At least 23 civilians have been killed in attacks on villages in troubled central Mali by armed men, a local mayor and a Malian security source said on Monday.
"During Sunday, and overnight, in the villages of Bidi, Sankoro and Saran, armed men attacked civilians, killing 23 of them," Cheick Harouna Sankare, mayor of the neighbouring town of Ouenkoro, told AFP.
"The situation is serious, the army needs to act to reassure the population," he said, adding that an emergency meeting had been called.
The death toll was confirmed by a security source in Mali.
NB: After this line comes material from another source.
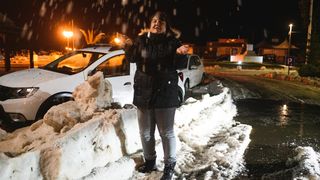 U Pakoštanima padala tuča više od 30 minuta i zabijelila cijelo mjesto U Pakoštanima padala tuča više od 30 minuta i zabijelila cijelo mjesto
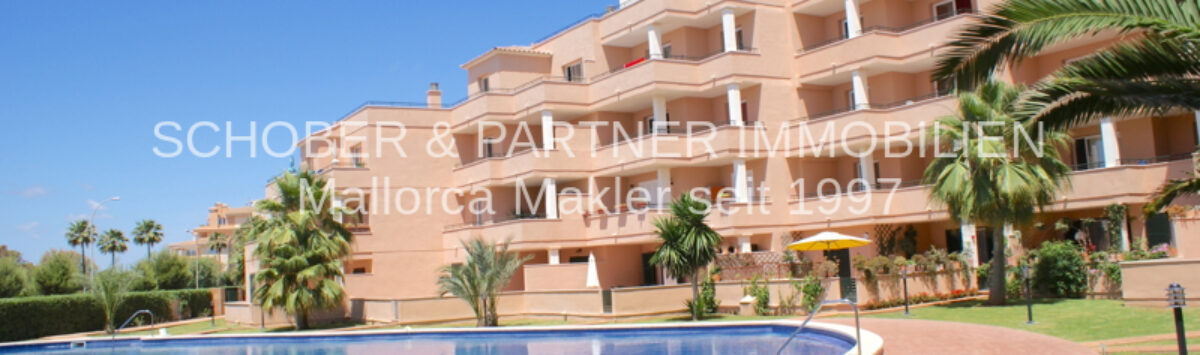 Vista de la propiedad: Piso amueblado de 79m² con 2 dormitorios, baño y piscina en venta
Separately, 11 people died when an explosive device blew up near the central town of Koro close to the border with Burkina Faso, a local official told AFP on condition of anonymity.
Ethnic tensions in the centre of the country have surged since a jihadist group led by preacher Amadou Koufa emerged in 2015.
The group recruit mainly from among the Fulani -- primarily cattle breeders and traders -- and they have clashed with the Dogon and Bambara -- traditionally sedentary farmers who have formed their own self-defence militias.
There has been a wave of mass killings this year, including the massacre of 41 people in two ethnic Dogon villages on June 17, according to a UN count.
And in March, 160 Fulani were killed in an attack on a village by suspected rival militiamen.
Unrest in the central region coincides with an ongoing jihadist campaign that the Mali government is struggling to contain despite military help from France and the United Nations.